His keen interest in fish parasites led him to work at the Ichthyological Institute of the Lenin All-Union Academy of Agricultural Sciences in Leningrad (now the Research Institute of the Lake and River Fish Industry), where he completed his post-graduate studies under the guidance of professor V. A. Dogiel. In the 1930s a team of scientists at the Laboratory of Fish Diseases, headed by Dogiel, laid the foundations of Soviet ichthyoparasitology. At this laboratory the young Markevich began to study the then little known and very complicated group Copepoda parasitica, with extraordinary diligence and perseverance. He studied the fauna of this group living in lakes Ladoga and Onega, in the Caspian and Azov seas and in a number of smaller water bodies.
In 1935 he returned to Kiev, where at first he headed the Invertebrate Morphology Department of the Zoological Institute, in the Ukrainian SSR Academy of Sciences, then in 1937 became head of the newly established Parasitological Department of that Institute.
Scientific career and publications
Markevich was one of the first Soviet parasitologists to begin a systematic study of fishpond culture. He was the first to publish that the dangerous fish parasite Chilodonella cyprini reproduces massively in the winter and not in the summer, as supposed earlier. His key papers described the new species of parasitic copepods
After returning to Kiev in 1935 Markevich continued his ichthyoparasitological investigations. In 1951 he published an extensive monograph on the parasite fauna of freshwater fishes of the Ukrainian SSR. This monograph received a strong response in the USSR and abroad. In 1963 it was published in English under the title "Parasitic Fauna of Freshwater Fish of the Ukrainian SSR". He continued to be actively interested in the research of Copepoda parasitica, and his latest monograph on the parasitic Copepoda of fish in the USSR was published for the Smithsonian Institution and the National Science Foundation (USA) by the Indian National Scientific Documentation Centre (1976).

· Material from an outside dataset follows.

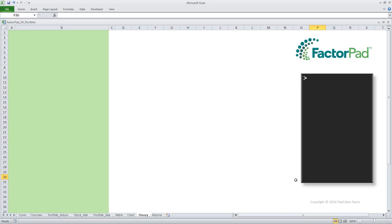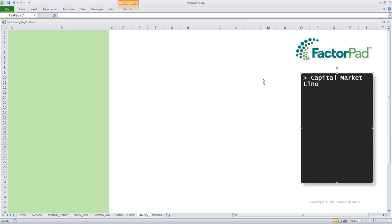Welcome to a definition of the Capital Market Line for Investment Modeling by FactorPad. I'm Paul, and here's how we'll do it. First, we'll start with a definition. Next, we'll visualize the Capital Market Line. And last, we'll demonstrate the concept in Excel.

Proceeding from a series of solid scientific works on fish parasites (ichtyoparasitology) he formulated some theoretical fundamentals after complex studies on parasites of aquatic animals (hydroparasitology). As part of a scientific program, he identified studies needed on the ecology and development of the parasites of aquatic animals, studies on their influence on their host and vice versa, and studies on their dependence on abiotic and biotic factors.
The theory of parasitocenosis, formulated by E. N. Pavlovsky, found a follower in A. P. Markevich. Attracted by Pavlovsky's concept of parasitocenosis, Markevich analyzed new facts obtained by parasitologists and microbiologists since Pavlovsky's publications, wrote several papers on this issue, and defined the task of parasitocenology as the "elucidation of objective patterns of life of parasitosymbiocenoses as well as biocenotic groupings of free-living parasite stages, in order to elaborate methods for directing the formation processes of parasitic communities"
Markevich e created a school of parasitologists in Ukraine and sparked the interest of a number of zoologists and botanists in the research of Carpathian fauna and flora. For several years he was Vice-president and later President of the Biological Sciences Department of the Ukrainian SSR Academy of Sciences. He also made outstanding contributions to the research of parasite fauna of fish in Egypt, where he worked as expert and professor at Cairo University (periodically 1964 to 1967).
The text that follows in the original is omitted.